We recommend establishing a small initial Flux allocation — four to eight cores — to work out code compilation, job submission, data transfer, and other work-flow related tasks before requesting the full allocation you expect to need for your production work.

The general approach to determining the size for your Flux allocation is to characterize:

  • the type and quantity of Flux compute jobs, for example:
    • are the jobs parallel or serial?
    • what are the memory requirements of the job?
    • how many jobs do you expect to run at a time?
    • how many jobs do you expect to run total?
  • the users who should be associated with the Flux project
  • the number of months for which you want the allocation
  • the applications you expect to run using this allocation

With this information, you can request an allocation by emailing hpc-support@umich.edu.

Example Scenarios for Sizing a Flux Allocation

Running a Parallel Application

If your application runs in parallel, you should determine how it scales on Flux by:

  • considering the maximum number of cores the application will run on efficiently (ARC-TS staff can help you determine this).
  • determining how many copies you expect to run at once based on licenses, work-flow, the number of students on this project, etc. That will help inform you as to the number of cores to have in your allocation.

Using Licensed Commercial Software

If you are using licensed commercial software, first determine the maximum number of licenses you can reasonably expect to use on Flux (ARC-TS staff can help you determine this). Flux’s job scheduling can take software licenses into account, so you may have queued jobs if there aren’t enough licenses. If you determine that the maximum number of licenses is 24, an allocation that would require more than 24 licenses at a time would be a waste of your resources.

Using Flux in a Course

To choose an allocation for a course, you should consider:

  • the number of students in the course, and
  • the type of application they will be running: Is it serial or parallel? How long does a typical assignment take to complete? How many processors will one student require per assignment?

There are a wide range of course needs. Classes with as many as 25 students have required as few as 36 cores, while other classes have used over 100 cores for the term.

One example is a course where all 20 students are expected to run a parallel application that scales to 16 cores. The cluster-related work is only in the four homework assignments given over the last six weeks of the class, and each run takes 2-4 hours. Students may not start submitting their jobs until 36 hours before the homework is due, so the class, as a whole, will use 1,280 CPU-hours in a 36-hour period, so the course allocation should be a minimum of 36 cores. Since the jobs won’t all stack up perfectly, having a  multiple of 16 cores would lead to the best efficiency. A recommended Flux allocation for the course is 48 or 64 cores for two months, starting October 15.

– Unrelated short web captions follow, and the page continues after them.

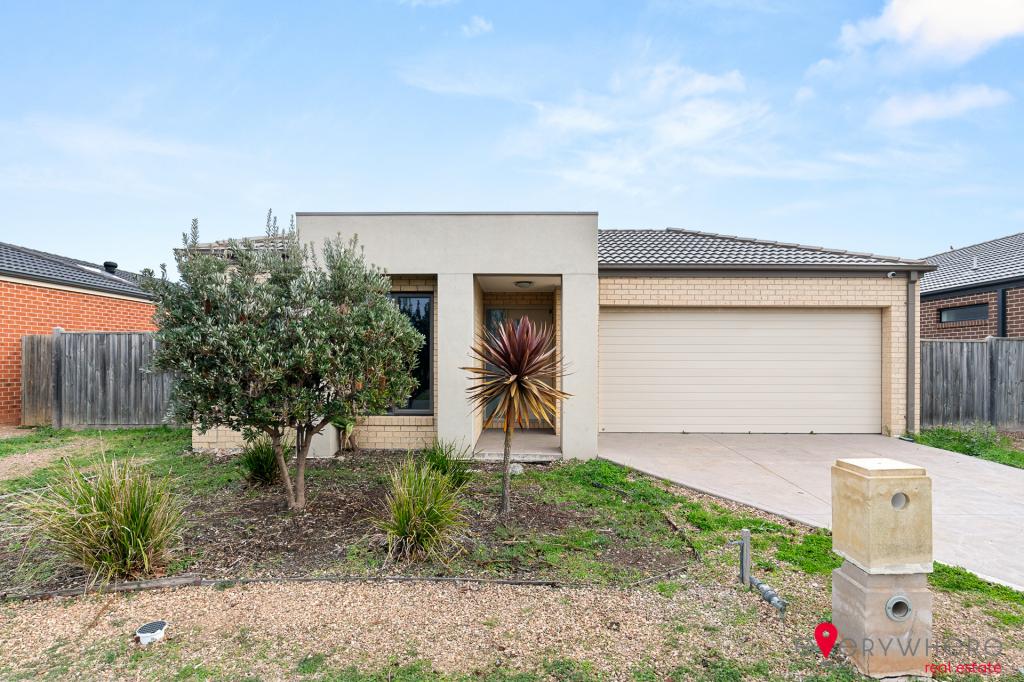 40 WARUNDA PDE, POINT COOK, VIC 3030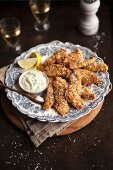 Breaded chicken fillets with Parmesan and remoulade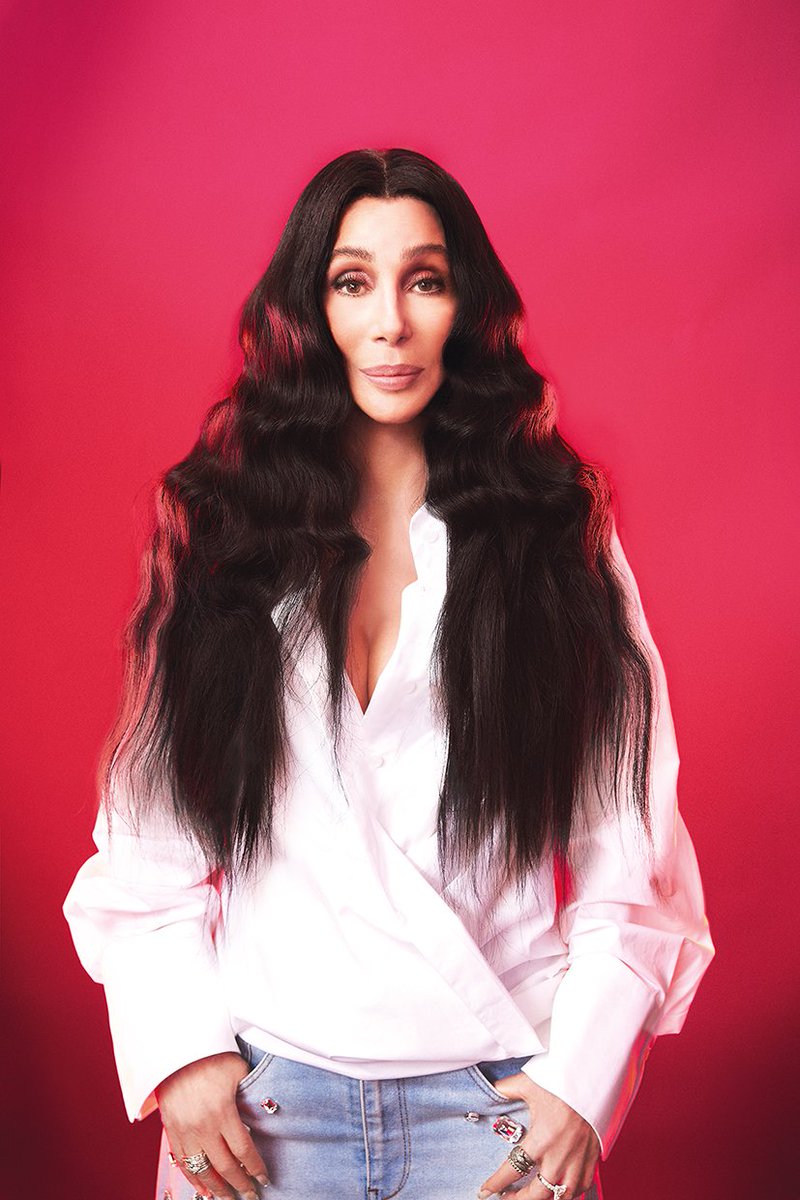 Quite simply, @cher is a show business icon! She is one of the most successful female artists of ALL time. Tonight, we see Cher performing 'DJ Play a Christmas Song' from her new album 'Christmas'. 🎅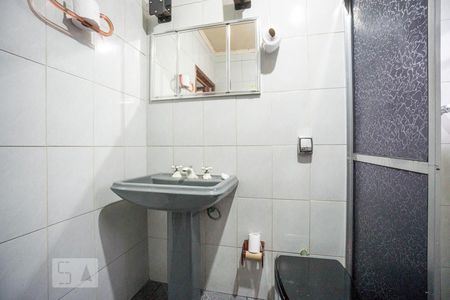 Casa à venda com 280m², 6 quartos e 8 vagasBanheiro social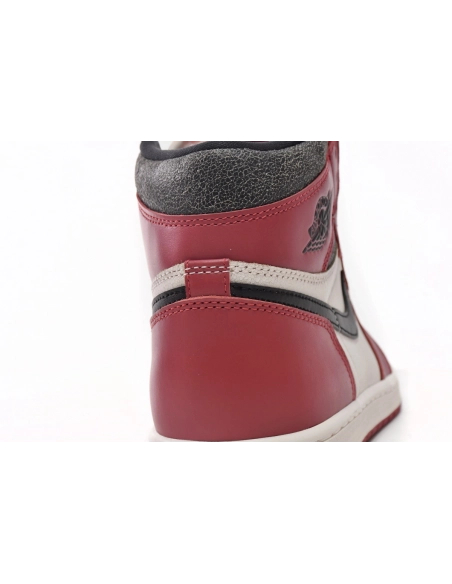 Air Jordan 1 Retro High OG Chicago Lost and Found DZ5485-612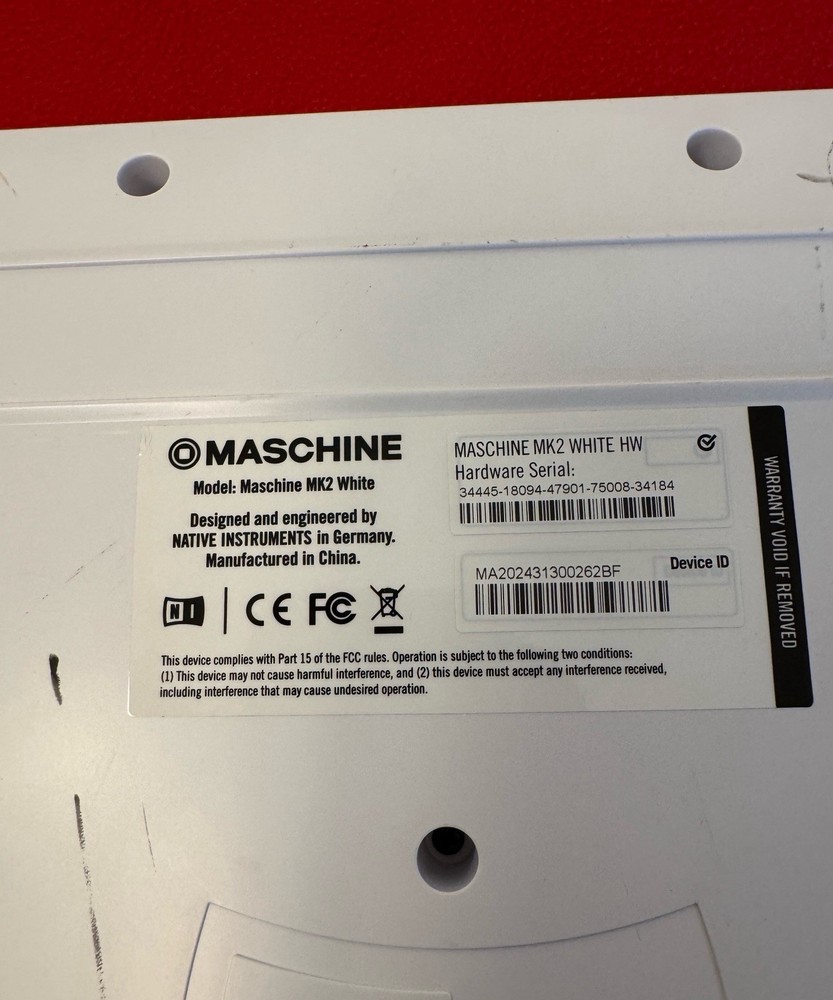 Native Instruments MASCHINE MK2 White – Powers On – No Software for Full Test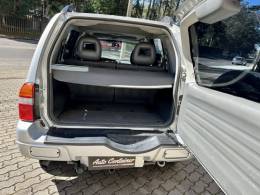 CHEVROLET - TRACKER - 2001/2001 - Prata - R$ 40.000,00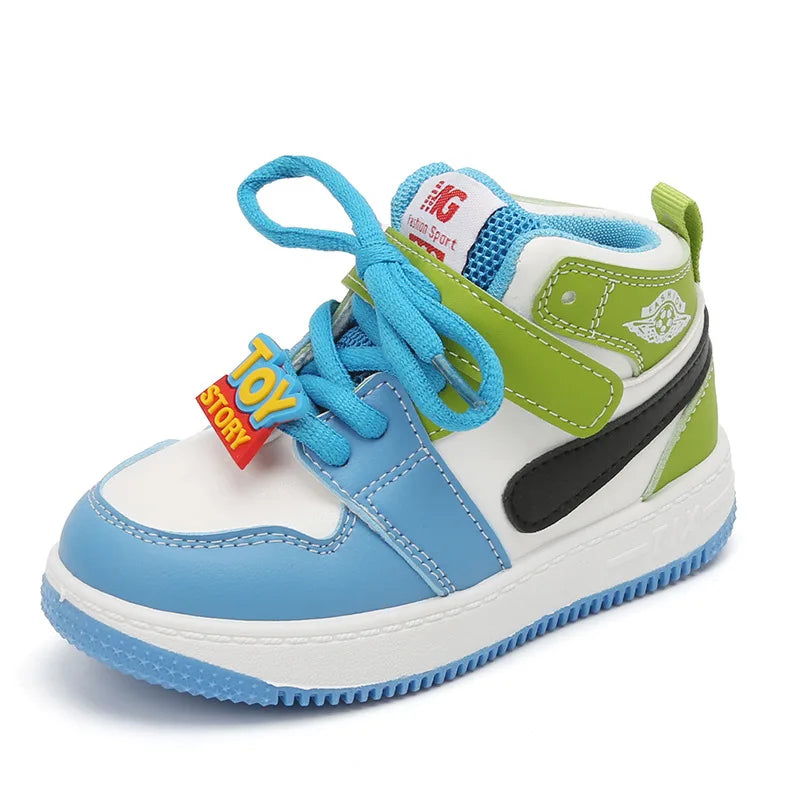 Children's sports shoes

Using Flux to Emulate a Hardware Purchase

A faculty member would like to have a Flux allocation that emulates the ownership of a 96-core system with up to 4GB of RAM for five years. A Flux allocation of 96 cores with the default 4GB of RAM per core for five years should be requested and budgeted for.

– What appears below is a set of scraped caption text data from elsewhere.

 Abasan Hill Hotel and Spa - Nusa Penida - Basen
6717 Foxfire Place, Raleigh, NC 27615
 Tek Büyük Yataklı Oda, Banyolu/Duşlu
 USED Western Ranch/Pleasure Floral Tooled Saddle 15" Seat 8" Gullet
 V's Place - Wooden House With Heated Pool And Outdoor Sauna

Using Flux for a Flexible Allocation of CPU Time

Working with Flux staff and staff from his or her unit, a faculty member has developed an estimated requirement of 8,000 core months that could be used at any time over five years. A budget allocation for a Flux allocation of 8,000 core months should be made.

The faculty member can then adjust the Flux allocation as their research requires and as the 8,000 core month budget allows.

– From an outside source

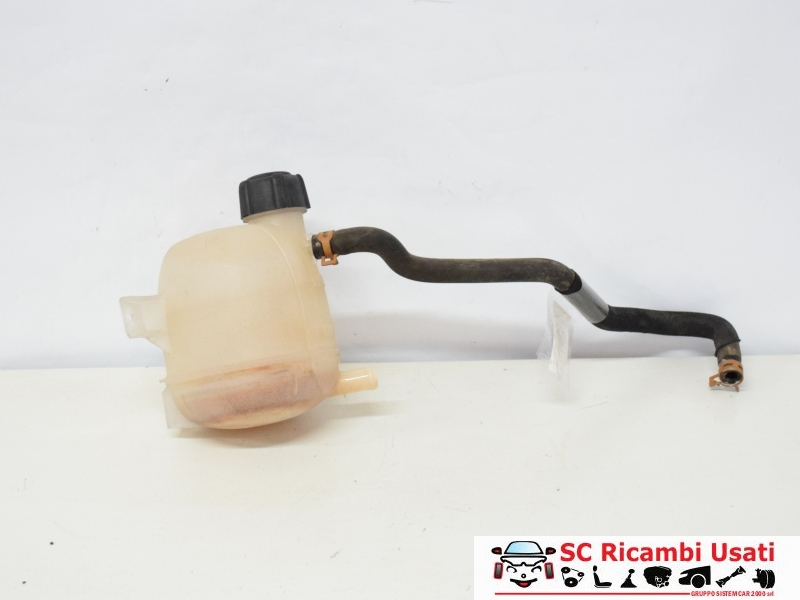 Vaschetta Liquido Radiatore 1.5 Dci Dacia Duster 8200766826 - 11831
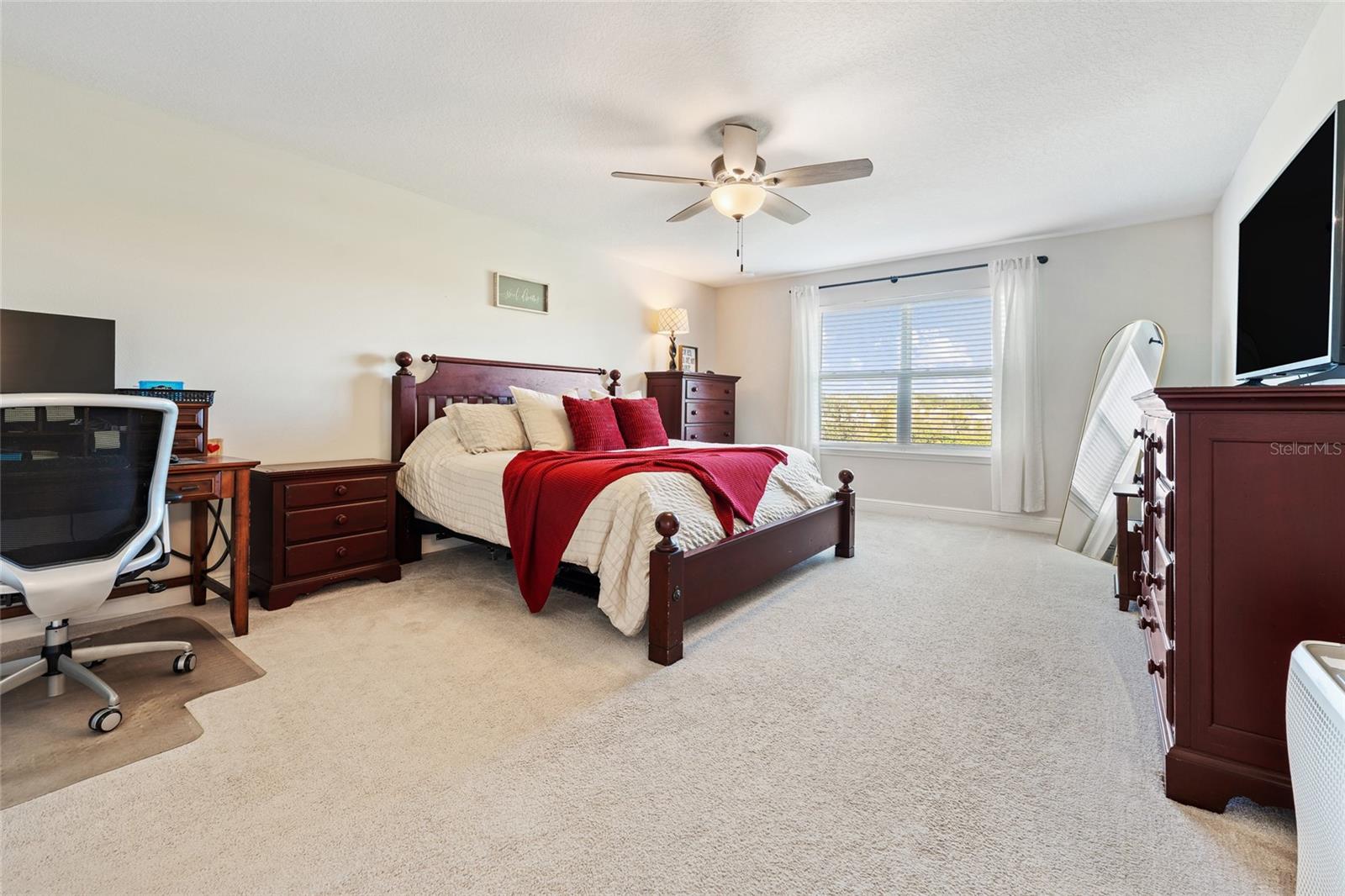 Image 26 of 43 For 2450 Standing Rock Circle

Using Flux to Meet Application Memory Requirements

If you have an application that requires more than the standard memory per core available on Flux, you will need to get an allocation of more cores than you need in order to meet the memory needs.

For example, if Flux has 4GB of RAM per core and your application requires 10 cores and 6GB RAM per core, your allocation will need to be for 15 cores, which will provide the needed 60GB RAM, even though you will only compute on 10 of the 15 cores.